BEGIN LISTED ENTRIES

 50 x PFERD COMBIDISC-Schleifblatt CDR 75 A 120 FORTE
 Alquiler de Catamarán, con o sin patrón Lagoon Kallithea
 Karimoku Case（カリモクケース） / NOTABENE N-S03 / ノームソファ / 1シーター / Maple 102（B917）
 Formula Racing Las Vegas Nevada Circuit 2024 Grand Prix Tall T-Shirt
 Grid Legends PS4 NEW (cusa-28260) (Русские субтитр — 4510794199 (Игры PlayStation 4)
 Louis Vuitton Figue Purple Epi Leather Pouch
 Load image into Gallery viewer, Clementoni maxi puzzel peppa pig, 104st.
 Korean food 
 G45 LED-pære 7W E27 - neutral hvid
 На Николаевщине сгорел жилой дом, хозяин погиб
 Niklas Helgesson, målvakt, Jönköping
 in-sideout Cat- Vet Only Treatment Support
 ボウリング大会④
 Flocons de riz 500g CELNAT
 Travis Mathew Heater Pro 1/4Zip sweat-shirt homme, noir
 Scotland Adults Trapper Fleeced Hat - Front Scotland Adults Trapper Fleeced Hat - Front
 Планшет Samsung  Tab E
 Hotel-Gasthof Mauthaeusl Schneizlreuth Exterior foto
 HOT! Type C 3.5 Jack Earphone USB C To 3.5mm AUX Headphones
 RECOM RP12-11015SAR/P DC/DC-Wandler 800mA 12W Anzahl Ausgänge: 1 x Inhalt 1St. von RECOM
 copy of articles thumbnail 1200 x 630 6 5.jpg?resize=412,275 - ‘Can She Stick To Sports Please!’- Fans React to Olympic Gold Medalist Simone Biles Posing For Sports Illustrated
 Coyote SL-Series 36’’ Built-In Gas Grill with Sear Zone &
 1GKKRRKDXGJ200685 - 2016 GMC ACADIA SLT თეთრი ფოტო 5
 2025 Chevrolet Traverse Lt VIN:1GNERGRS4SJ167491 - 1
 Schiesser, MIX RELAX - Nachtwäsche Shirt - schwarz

END LISTED ENTRIES

## EXERCISE REQUIREMENTS
Print all the entries above. Keep each one exact.

## RESULT FOR THIS TASK
 50 x PFERD COMBIDISC-Schleifblatt CDR 75 A 120 FORTE
 Alquiler de Catamarán, con o sin patrón Lagoon Kallithea
 Karimoku Case（カリモクケース） / NOTABENE N-S03 / ノームソファ / 1シーター / Maple 102（B917）
 Formula Racing Las Vegas Nevada Circuit 2024 Grand Prix Tall T-Shirt
 Grid Legends PS4 NEW (cusa-28260) (Русские субтитр — 4510794199 (Игры PlayStation 4)
 Louis Vuitton Figue Purple Epi Leather Pouch
 Load image into Gallery viewer, Clementoni maxi puzzel peppa pig, 104st.
 Korean food 
 G45 LED-pære 7W E27 - neutral hvid
 На Николаевщине сгорел жилой дом, хозяин погиб
 Niklas Helgesson, målvakt, Jönköping
 in-sideout Cat- Vet Only Treatment Support
 ボウリング大会④
 Flocons de riz 500g CELNAT
 Travis Mathew Heater Pro 1/4Zip sweat-shirt homme, noir
 Scotland Adults Trapper Fleeced Hat - Front Scotland Adults Trapper Fleeced Hat - Front
 Планшет Samsung  Tab E
 Hotel-Gasthof Mauthaeusl Schneizlreuth Exterior foto
 HOT! Type C 3.5 Jack Earphone USB C To 3.5mm AUX Headphones
 RECOM RP12-11015SAR/P DC/DC-Wandler 800mA 12W Anzahl Ausgänge: 1 x Inhalt 1St. von RECOM
 copy of articles thumbnail 1200 x 630 6 5.jpg?resize=412,275 - ‘Can She Stick To Sports Please!’- Fans React to Olympic Gold Medalist Simone Biles Posing For Sports Illustrated
 Coyote SL-Series 36’’ Built-In Gas Grill with Sear Zone &
 1GKKRRKDXGJ200685 - 2016 GMC ACADIA SLT თეთრი ფოტო 5
 2025 Chevrolet Traverse Lt VIN:1GNERGRS4SJ167491 - 1
 Schiesser, MIX RELAX - Nachtwäsche Shirt - schwarz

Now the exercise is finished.